Mechanism-Based Approach to Clinical Trial Design in Chemotherapy-Induced Peripheral Neuropathy

Jennifer Gewandter, PhD; Patrick Dougherty, PhD; Roy Freeman, MD

Chemotherapy-induced peripheral neuropathy (CIPN) occurs in approximately 60% of patients who receive neurotoxic chemotherapies and becomes chronic in approximately 50% of those patients. CIPN symptoms include pain, tingling, cramping, numbness, and weakness. CIPN can cause chemotherapy dose-reductions and discontinuation, potentially increasing mortality. CIPN also adversely affects patient quality of life. No preventive treatments for CIPN are available. Advances in understanding of basic science and clinical mechanisms of CIPN are imperative to identifying novel preventive and symptomatic treatments. Furthermore, these mechanisms should be used to inform clinical trial design. Dr. Dougherty will present data from clinical studies that appear to validate findings from laboratory studies that highlight key risk factors for the development of CIPN. Dr. Freeman will discuss the mechanisms underlying the neurotoxicity of different chemotherapeutic agents; their varying clinical manifestations; and their clinical course. Dr. Gewandter will review clinical trial design considerations for clinical trials of preventive and disease modifying CIPN treatment developed at an expert consensus meeting. She will emphasize consideration of the mechanisms of the experimental treatment and CIPN when designing inclusion criteria, outcome measures, and biomarkers. These considerations will also serve as an example for RCTs of pain prevention in other areas.

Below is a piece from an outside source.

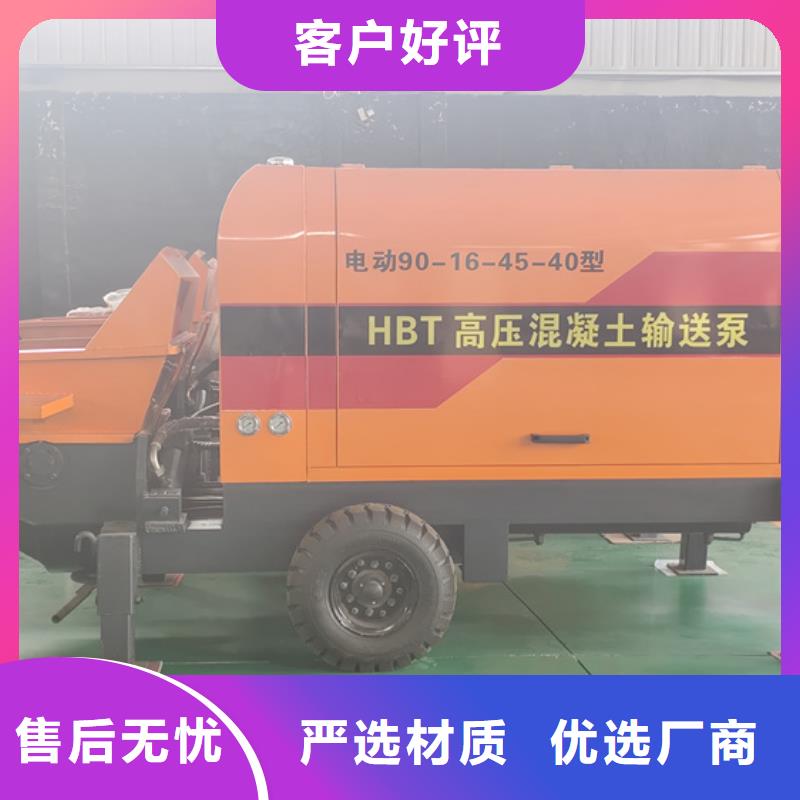 混凝土泵-小型水泥上料机工厂直供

Migraine and Sleep Deficiency in Adolescents: Understanding Shared Mechanisms from Bench to Bedside

Emily Law, PhD; Christopher King, PhD; Andrew Russo, PhD

Dr. Andrew Russo will present recent data from animal migraine models examining the impact of sleep deficiency on the development of peripheral and central sensitization associated with transition to chronic pain. Follow sleep deprivation, findings indicate cellular changes in the trigeminal ganglion and spinal trigeminal nucleus are temporarily correlated with nocifensive behaviors in episodic and chronic pain migraine pathology models. Novel therapeutic interventions that influence pain modulation pathways will be presented.
Dr. Christopher King will present recent imaging research examining neurobiological differences between adolescents with and without migraines, including alterations in resting cerebral blood flow and functional connectivity between limbic and frontal cortical regions related to migraine frequency and sleep assessments. Finding suggest sleep deficiency can impact structural and functional brain areas, which could be normalized with treatment.

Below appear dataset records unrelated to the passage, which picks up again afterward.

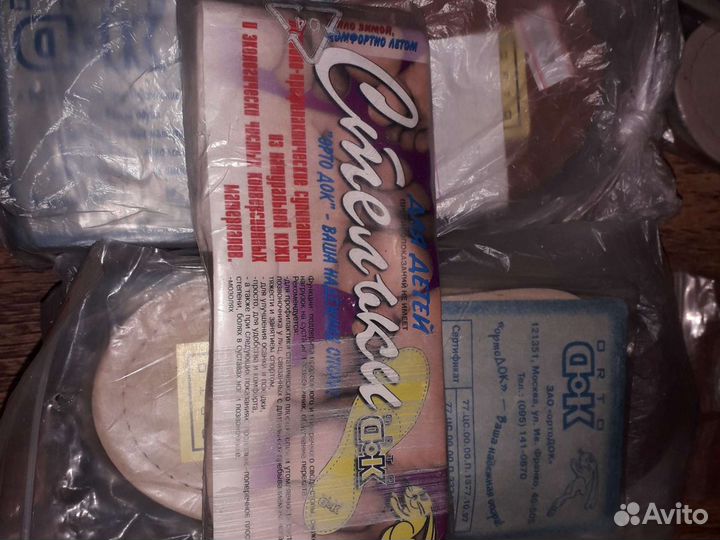 Ортопедические стельки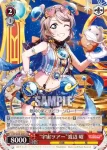 LSS/W69-053  “ありがとうの一冊”高海 千歌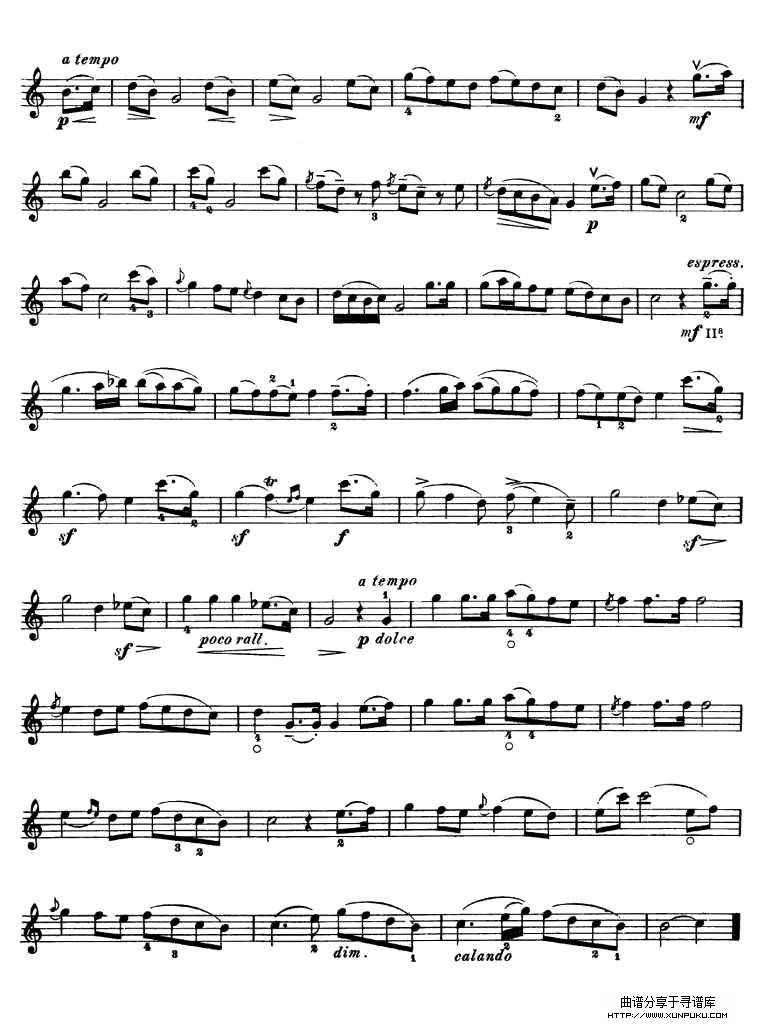 SERENADE（小夜曲）（海顿作曲版）小提琴谱第2页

Dr. Emily Law will present treatment mechanism data examining the impact of insomnia treatment on migraine frequency in adolescents. Results from a clinical trial of cognitive-behavioral therapy for adolescents with co-occurring chronic migraine and insomnia will be presented. Discussion will focus on designing novel studies to evaluate treatments for sleep deficiency while testing biobehavioral migraine mechanisms.

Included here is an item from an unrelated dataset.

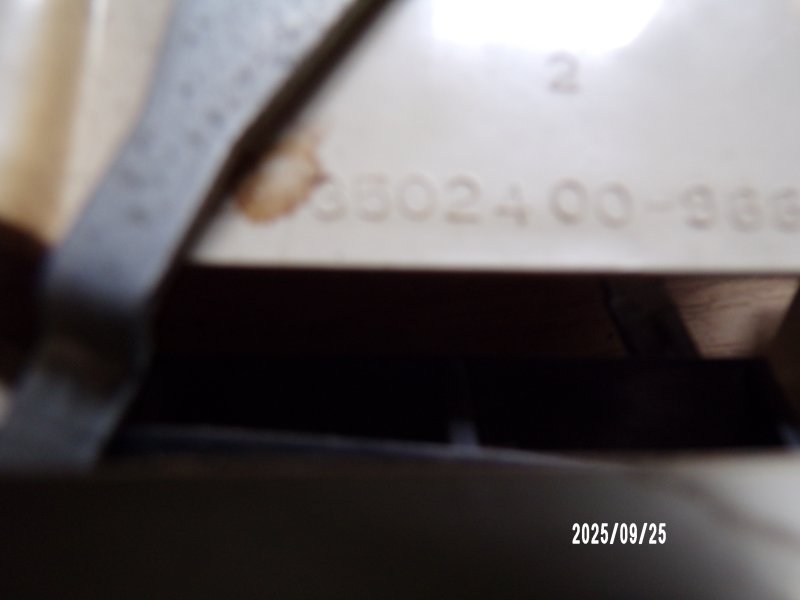 101_4721.JPG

Through case examples and interactive discussion with audience members, current controversies and clinical implications will be discussed.

Muscle Pain Mechanisms: It’s Time to Dive Deep

Kathleen Sluka, PT PhD; Michael Jankowski, PhD; Cheryl Stucky, PhD

There is great need for preclinical and clinical studies that investigate the role of deep tissues in driving chronic pain. This symposium will focus on muscle tissue, with the hope that highlights of other deep tissues, including tendon and bone will follow in future symposia. Three experts in muscle pain mechanisms will present their preclinical and clinical findings in chronic pain conditions involving skeletal muscle. Kathleen Sluka, University of Iowa, will discuss the underlying problem and mechanisms of activity-induced pain in animal models of pain and human subjects with fibromyalgia. Michael Jankowski, Cincinnati Children’s Hospital Medical Center, will deepen our understanding of the complex interplay between muscle afferents and target derived signaling molecules in the development of ischemic myalgia. Cheryl Stucky, Medical College of Wisconsin, will highlight the role of muscle-driven pain in sickle cell disease pain, a devastating disorder of severe, cycling deep pain. Together they will help the audience take a deeper dive into understanding muscle afferents, sensitization, circuitry and CNS pathways, and the critical role of the under-appreciated deep tissues in so many chronic pain disorders that plague and decrease the daily quality of life for millions of individuals worldwide.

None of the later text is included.